# New beginning for Anna



## plenty pets 20 (Jul 8, 2006)

Little Anna is a lucky one. She is just 1 1/2 years old and ended up in a shelter.
Judy was contacted by the shelter to let her know that Anna had just hours left before being PTS. Hard to believe , but no one wanted to adopt this young very sweet , house broke girl. So Judy's husband Richard made a mad dash to get her and got there with just an hour to spare. 
She is a very special girl Judy says, very loving.
All saves are good but this one was extra special.
Meet Anna , before and after pics.


----------



## wkomorow (Aug 26, 2011)

Wow, what a beautiful girl.


----------



## Snowbody (Jan 3, 2009)

:smcry::tender::wub2: Quite the before and after. I shudder to think how she was allowed to get in that condition. She's beautiful now. Please thank Judy and her DH for saving this girl at the 11th hour. I hope she finds a family who loves her forever as they should.


----------



## michellerobison (Dec 17, 2009)

My heart breaks knowing such a young sweet girl was that close to death! OMG!

My heart is doing the happy dance knowing she's safe!!!!


----------



## littlefluffbabies (Apr 17, 2013)

What a beautiful little girl, and so stylish in her new coat. I'm so glad she has a second chance. I'm sure that she will be a wonderful addition to some lucky persons family for many years to come.
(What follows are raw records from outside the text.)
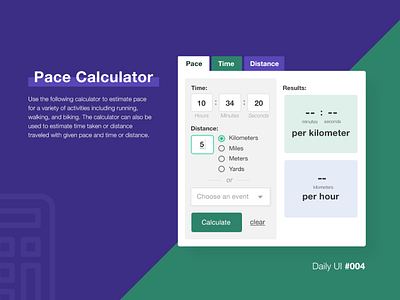 Daily UI Challenge #004 - Pace Calculator calculator dailyui design interface online ui web
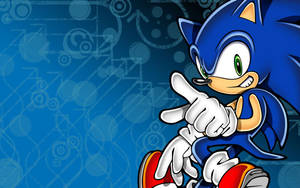 Sonic the Hedgehog 自信地微笑著向前指。 — 音速小子 壁紙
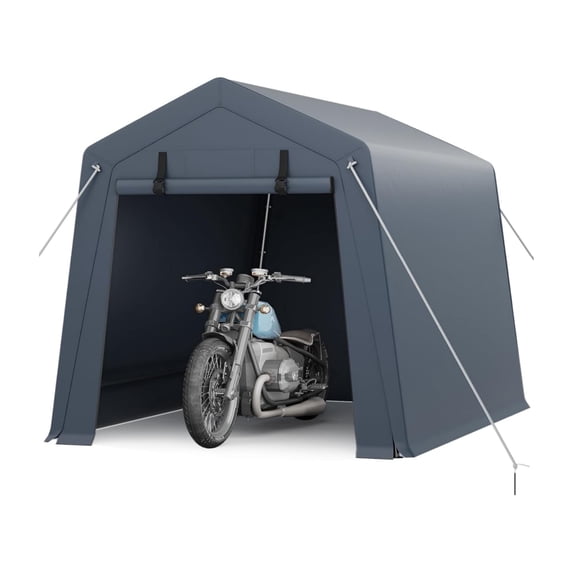 EastVita 6x8 FT Portable Outdoor Storage Shed with 2 Roll-Up Zipper Doors Vents Gray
Sent from Petguide.com Free App


----------



## Yogi's Mom (Jan 6, 2013)

*Wow This is Fantastic******
*God Bless You. Beautiful Little One.*
*Just So Happy to see this. Its Great to see something postitive.*
*Nickee**


----------



## sophie (Jul 9, 2006)

Thank you, thank you for saving this baby! That is quite the before and after - she is gorgeous. I don't understand how anyone could have bypassed her, but it was more than likely for the best - scary that it was so close, though! We know now that she will find her PERFECT and APPROVED home!!!! She surely deserves it!

Linda


----------



## Tanner's Mom (May 27, 2005)

I'm so glad Judy & Richard were there for her. Now she has a chance for a wonderful new life.


----------



## The A Team (Dec 1, 2005)

Poor girl went from death row to down right glamorus....now the icing on the cake will be for the "Perfect family" to come scoop her up off her paws....:wub:


----------



## Maglily (Feb 3, 2009)

what a sweet, pretty girl ! it's so heartbreaking to think of the other outcome.... but YAY for Judy and Richard rescueing her!


----------



## cyndrae (Aug 30, 2009)

She must feel so much better with all the matts gone.
What a cutie -- praying she finds a great home.


----------



## Cyndilou (Jan 24, 2013)

She is gorgeous


----------